What the experiment makes clear is that people don’t develop representations solely based on the object’s features, even when they have prior experience with the object. Instead, they represent an object based on its context; in this case, the context of nearby objects.

“Cognitive models must account for the fact that the representation of an object can flexibly change depending on the context, prior knowledge, and experience,” Austerweil said. “To do this, people must be using prior knowledge to distinguish between the multiple representations consistent with an object and its context.”

Austerweil uses probabilistic models — Bayesian, to be exact — because that requires explicitly specifying the knowledge that people use to solve problems that have more than one solution.

George Karniadakis:
Austerweil is adding other factors to his model, too. An example is that previously learned features can influence how an object is represented. Take the white lettering in the image at left: One representation is that it’s a somewhat skewed “M” with a hockey stick; another is that it depicts a smooshed-together “N” and a hockey-stick shaped “Y” (the designer’s intent). Showing someone the “N” first and the “Y” second and the whole image third makes it more likely that the observer will infer the intended representation. Another way to make this more likely is to give them the appropriate context, which in this case, is that it’s the logo for a New York ice hockey team.

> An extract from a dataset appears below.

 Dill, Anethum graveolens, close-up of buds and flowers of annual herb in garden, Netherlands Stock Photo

What’s useful about a mathematical model of a psychological phenomenon is not only that it formalizes knowledge, but also that it can make specific predictions that can in turn generate ideas for behavioral experiments, Austerweil said. It also allows for productive translations back and forth between human behavior and machine learning, which was Austerweil’s original passion as an undergraduate at Brown.

Austerweil, whose appointment will be in the Department of Cognitive, Linguistic, and Psychological Sciences, came to Brown in 2003 to concentrate in computer science. Under Eugene Charniak he studied how computer software could formulate a coherent ordering of sentences, given a set of sentences, but he couldn’t help but notice how much better people were at the task. Learning how people work could inform machine learning, which could in turn inform psychology.

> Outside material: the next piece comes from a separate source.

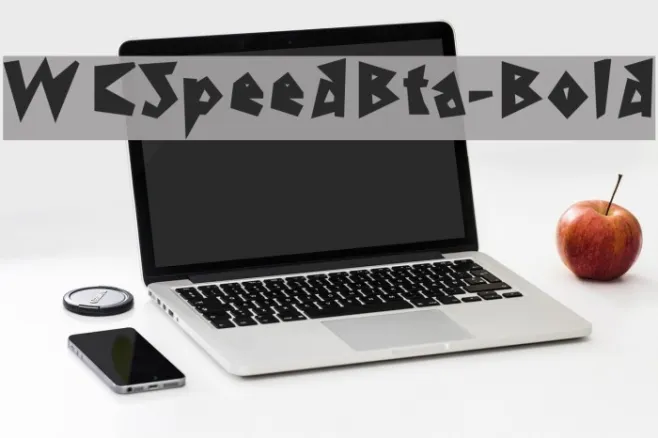 WCSpeedBta-Bold Example 2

“I started thinking about the types of problems people try to solve using machine learning and I started thinking, ‘Well we solve these problems seemingly effortlessly and if we’re so good at it, why? How do we do it?’” he said. “How can we make computational systems that also do that in the same sort of ways and how can we use that to better understand how we solve these problems?”

His studies were influenced by Thomas Griffiths, a former Brown psychology professor. When Griffiths left Brown for the University of California–Berkeley, Austerweil followed for a masters degree in statistics and then a Ph.D. in psychology.

Since January 2013, Austerweil has been a postdoctoral researcher at Stanford, where he recently began a collaboration to learn about and model how people construct representations of events. He is also working with a collaborator in England on a separate project to study how people with autism form representations.

But when he saw a fateful posting for a new faculty member, he decided to come back to Brown.

Austerweil said he fondly remembers Brown as a place where he felt encouraged to focus on learning and exploring new ideas, rather than competing and stressing over grades.

Not coincidentally, Austerweil’s return to the classroom will be to teach one of the last classes he took here, “CLPS 1200 — Thinking.” According to the bulletin, it’s a course where “the focus is on the relation between empirical evidence, theories, and models of cognitive process and structure.”

Based on his research, that’s a subject that Austerweil can “represent” well.